Location: Columbia, MD
Category: Systems
Job ID: CIS0001XK
Your Impact:
We are seeking a Senior Information Systems Security Officer (ISSE). This is a Hybrid position and supports our prime customer in Columbia, Maryland.
Description:
The Senior Information Systems Security Engineer will perform, or review:
- Technical security assessments of computing environments to identify points of vulnerability, non-compliance with established Information Assurance (IA) standards and regulations and recommend mitigation strategies.
- Validates and verifies system security requirements definitions and analysis and establishes system security designs.
- Designs, develops, implements and/or integrates IA and security systems and system components including those for networking, computing, and enclave environments to include those with multiple enclaves and with differing data protection/classification requirements.
- Builds IA into systems deployed to operational environments.
- Assists architects and systems developers in the identification and implementation of appropriate information security functionality to ensure uniform application of Agency security policy and enterprise solutions.
- Supports the building of security architectures.
- Enforce the design and implementation of trusted relations among external systems and architectures.
- Assesses and mitigates system security threats/risks throughout the program life cycle.

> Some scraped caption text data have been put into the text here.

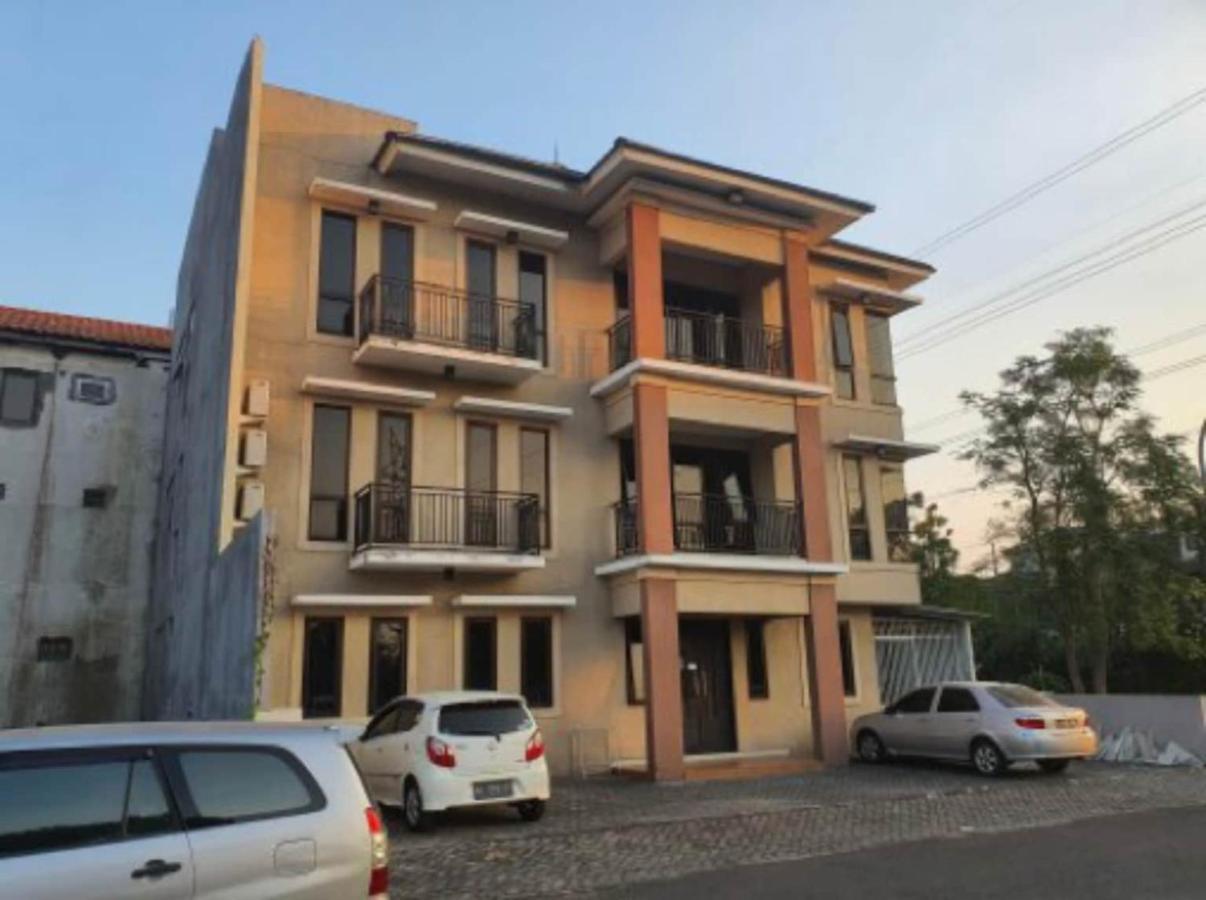 Oyo 93109 Garden Homestay 1 Tpr สุราบายา ภายนอก รูปภาพ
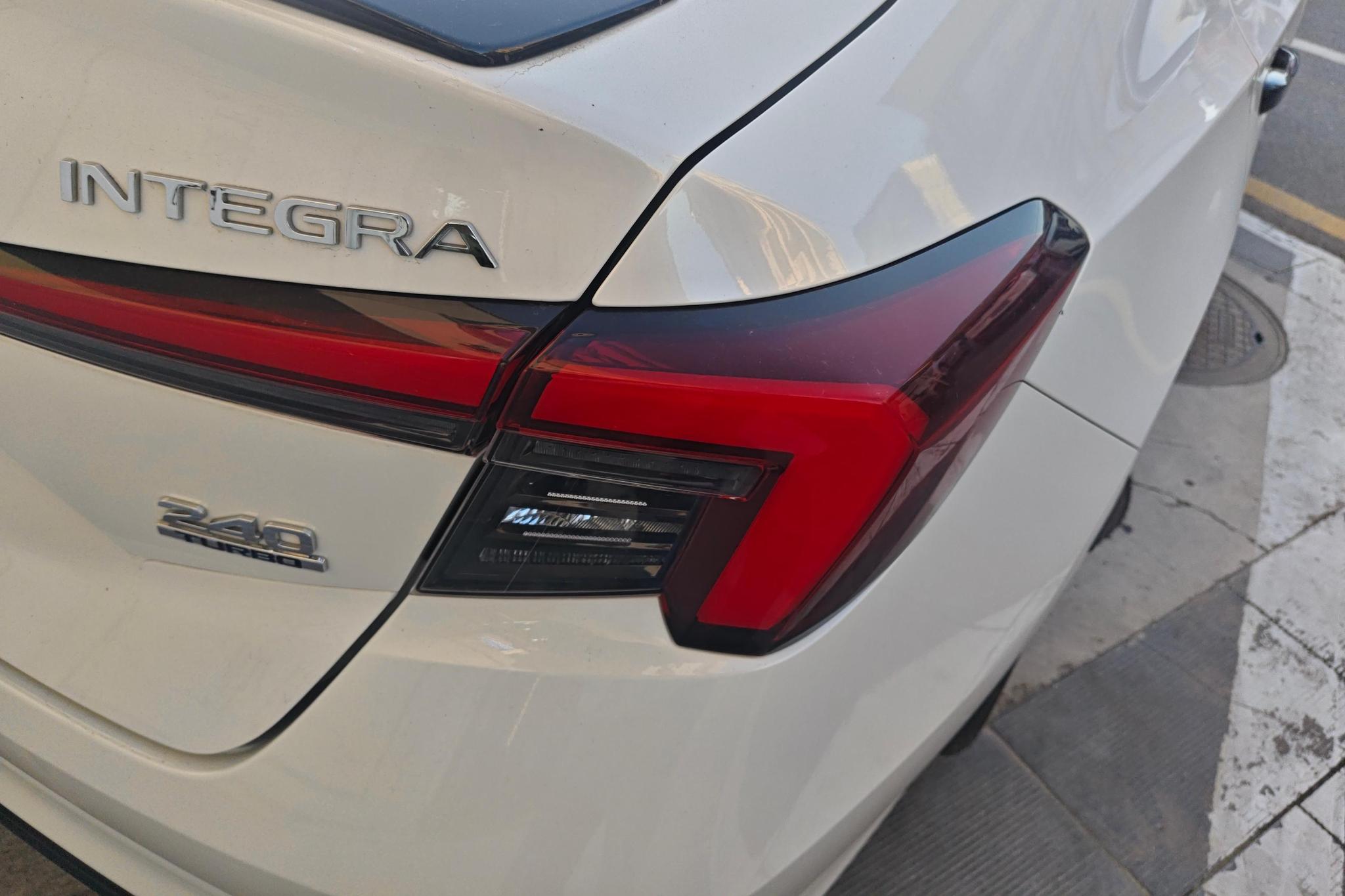 Honda Integra 2023 240TURBO CVT Luxury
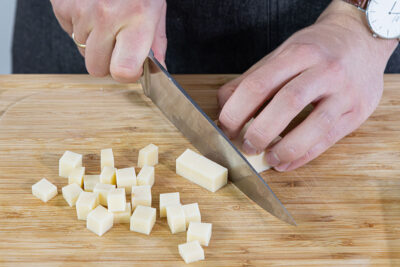 Gruyère in Würfel schneiden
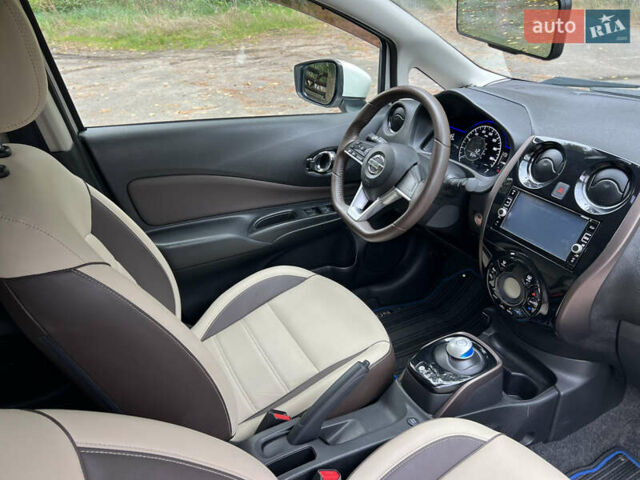Білий Ніссан Ноут, об'ємом двигуна 1.2 л та пробігом 88 тис. км за 12200 $, фото 20 на Automoto.ua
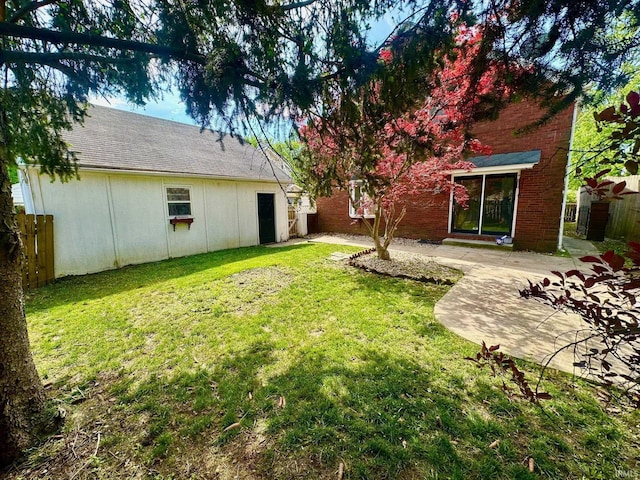 1700 W Taylor St, Kokomo, IN 46901 - view of yard featuring a patio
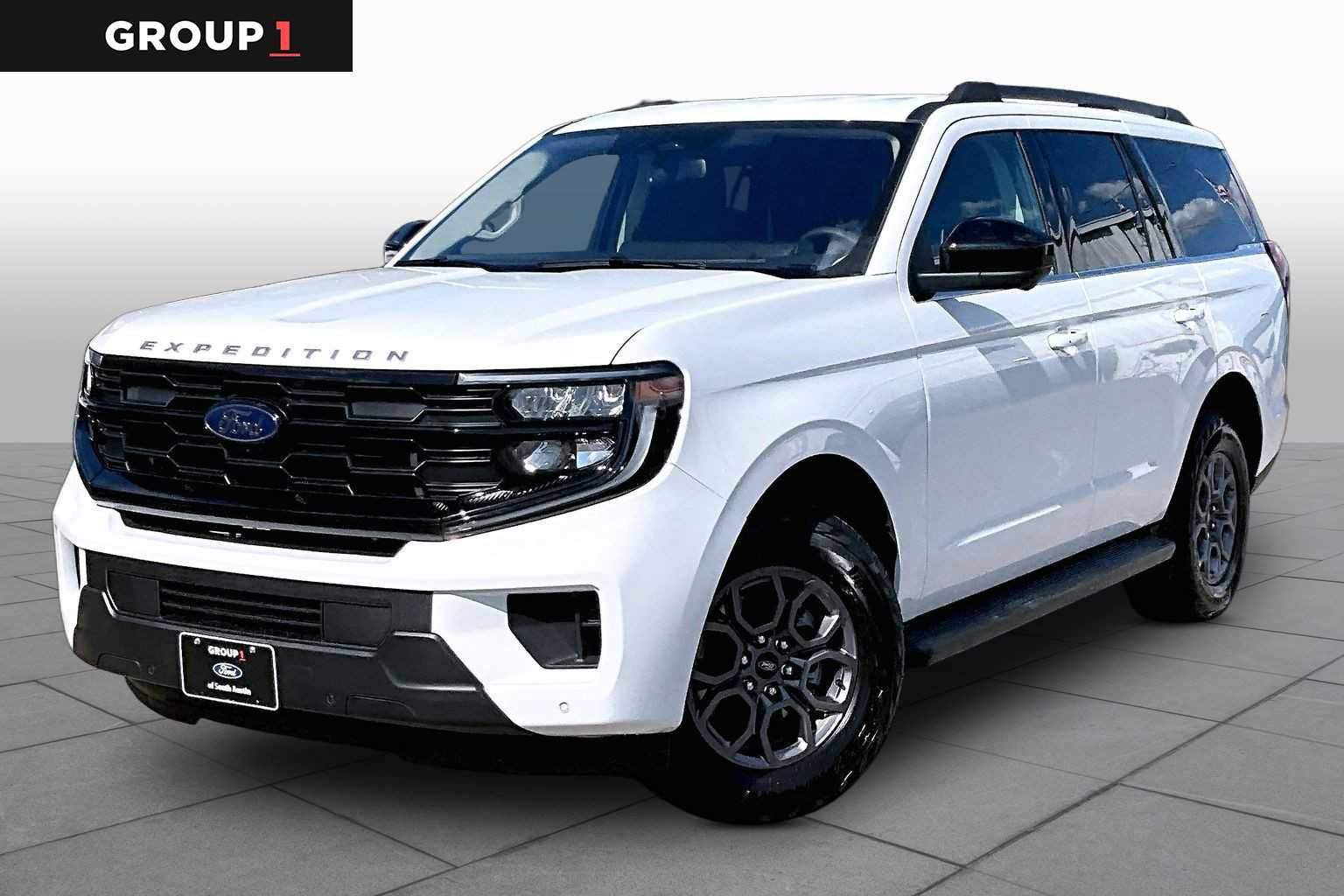 Certified 2025 Ford Expedition Active RWD image 1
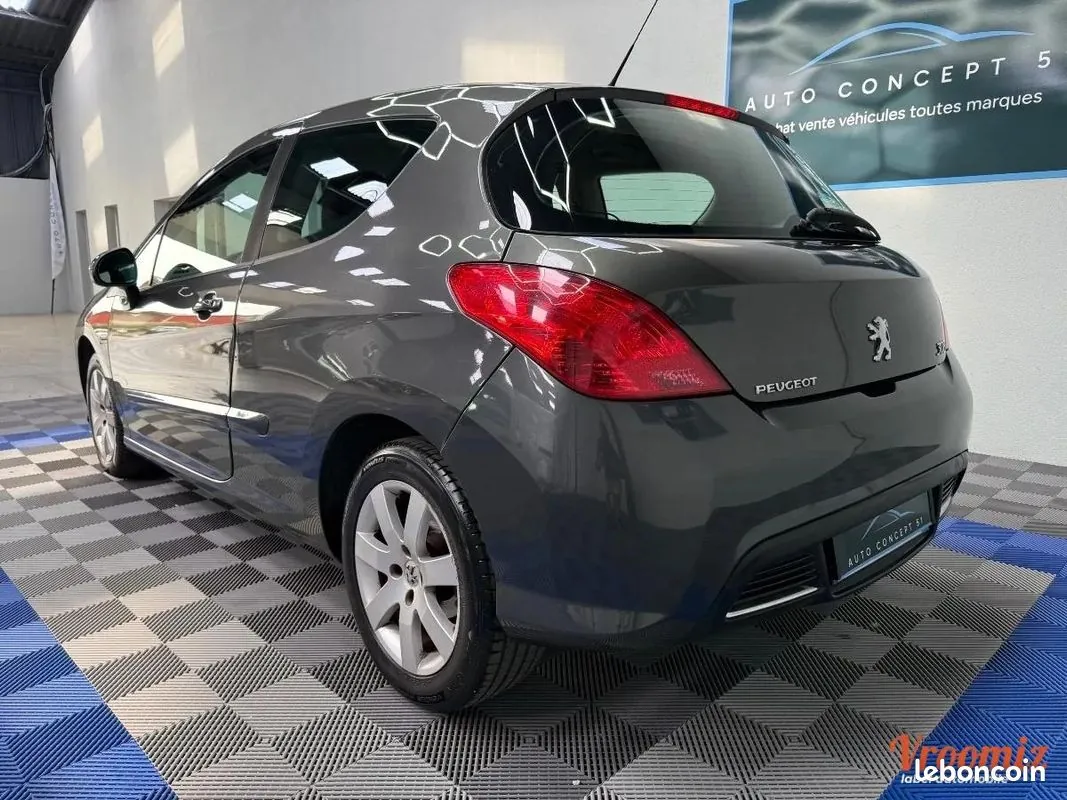 Peugeot 308 2010 photo 4
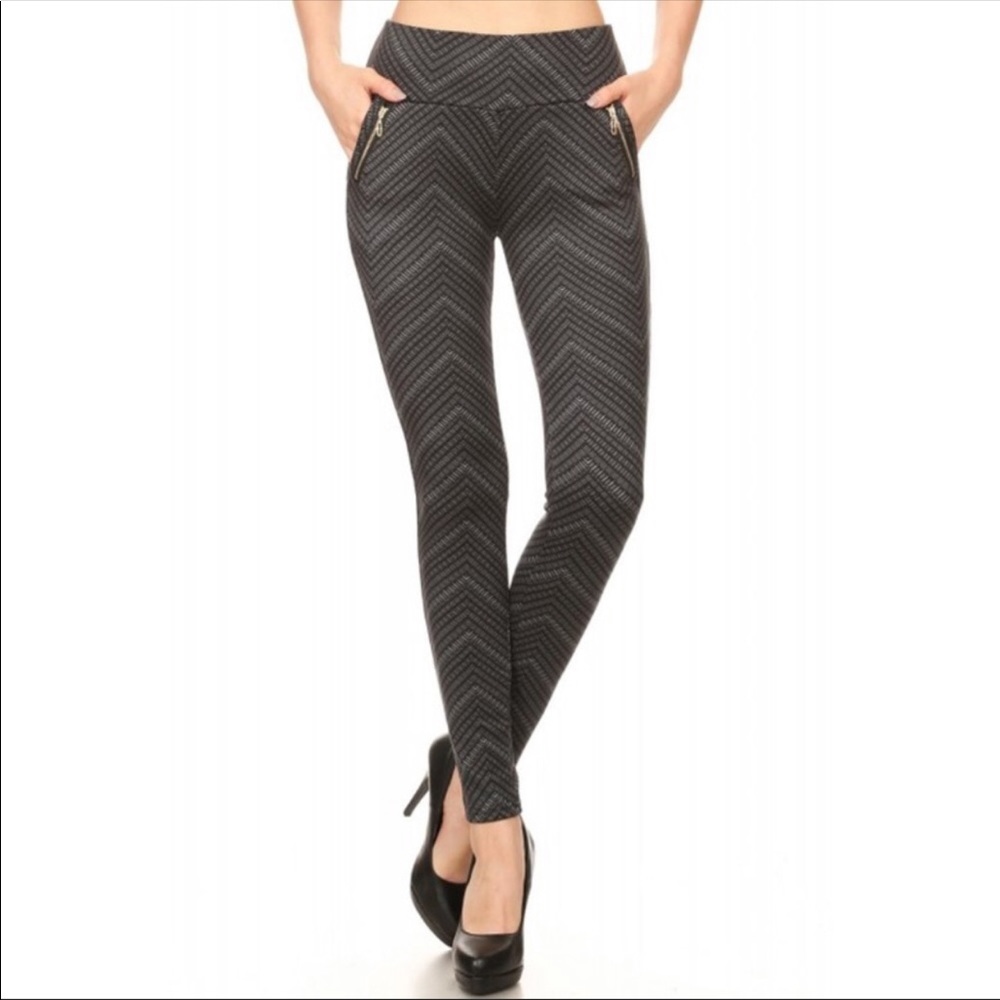 Full length leggings  with chevron pattern.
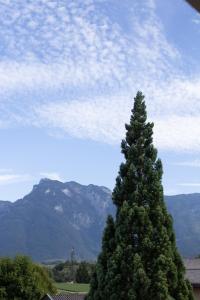 Vista generica sulle montagne o vista sulle montagne dall'interno dell'appartamento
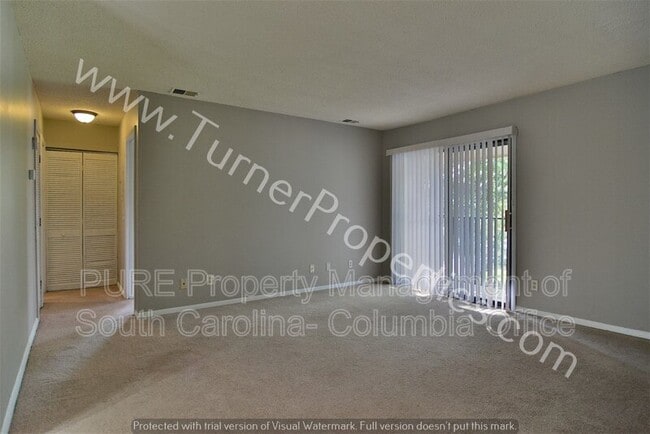 Building Photo - 411 Old Manor Rd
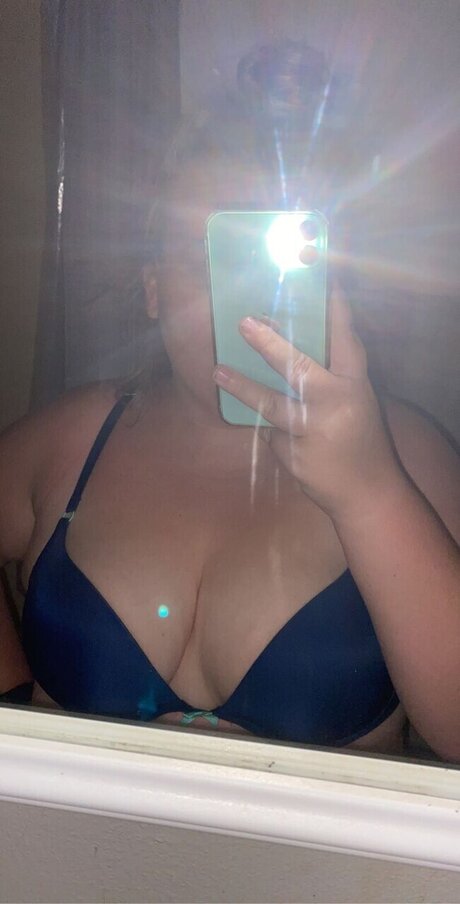 Naakte gelekte OnlyFans-foto van Em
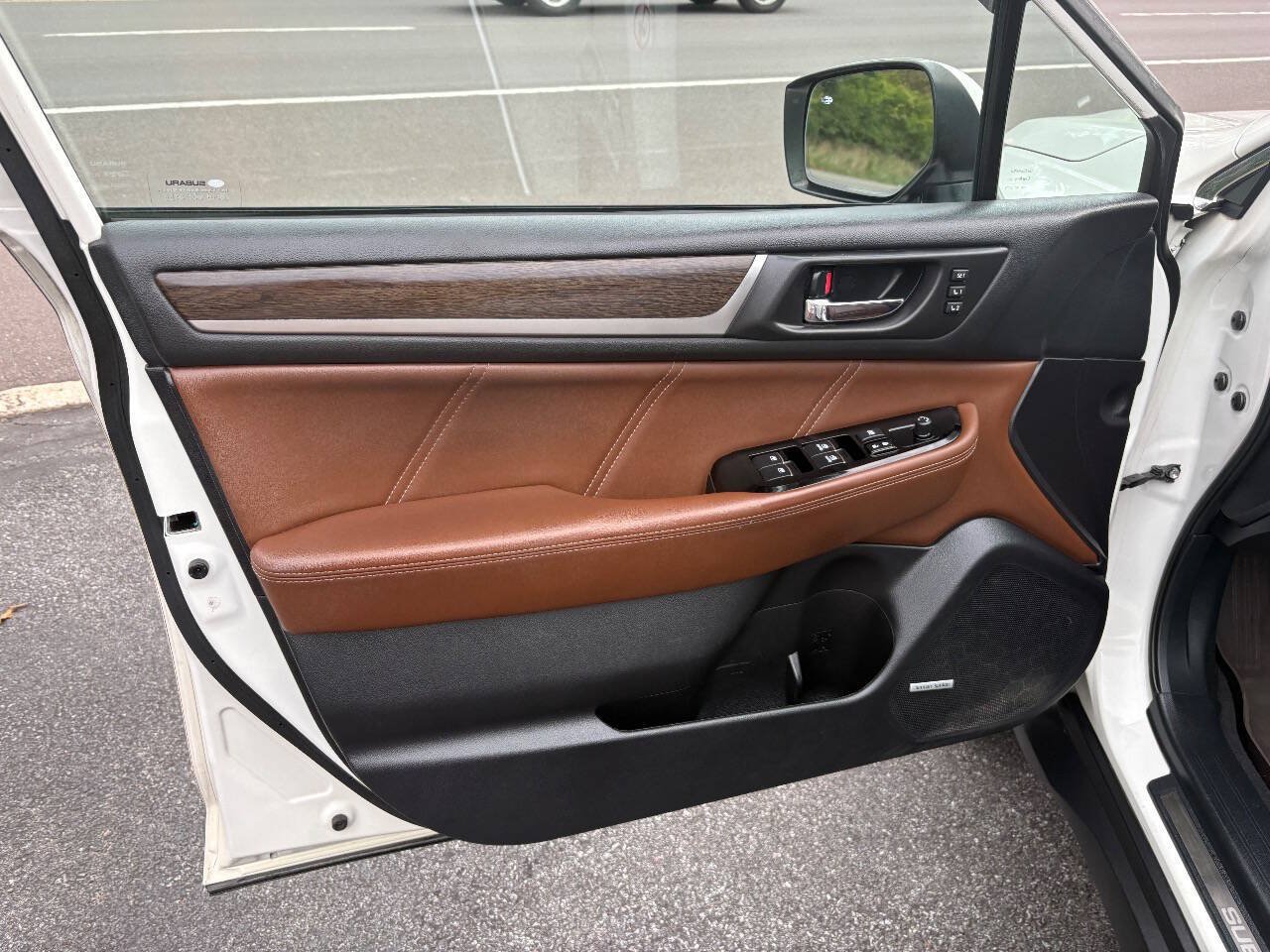 Used 2017 Subaru Outback 3.6R Touring AWD/4WD image 19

- Contributes to the security planning, assessment, risk analysis, risk management, certification and awareness activities for system and networking operations.
- Reviews certification and accreditation (C&A) documentation, providing feedback on completeness and compliance of its content.
#Divergent
Here’s what you’ll need:
- TS/SCI w/Poly Security Clearance.
- 14 years of IA System Architect and Engineer (IASAE) experience, to include recent experience within the last 5 years, with Defense-in-Depth principles and technology, including access/control, authorization, identification and authentication, Public Key Infrastructure (PKI), network and enterprise security architecture.
- 2 years of experience applying security risks assessment methodology to system development, including threat model development, vulnerability assessments, and resulting security risk analysis.
- A Bachelor’s Degree in Computer Science or IT Engineering may be substituted for 4 years of experience.
- Master’s Degree in Computer Science or IT Engineering is desired and may be substituted for 6 years of experience.
- Knowledge of Federal, NS A, IC, and DOD Information Security regulations, publications, and policy.
- This is a CWIP Billet per DOD Directive 8570-1 and must meet specified certification requirements defined and documented by the TTO COR. IASAE Level III (CISSP-ISSAP or CISSP-ISSEP) Certification.
All qualified applicants will receive consideration for employment without regard to race, color, religion, sex, sexual orientation, gender identity, national origin, disability or protected veteran status.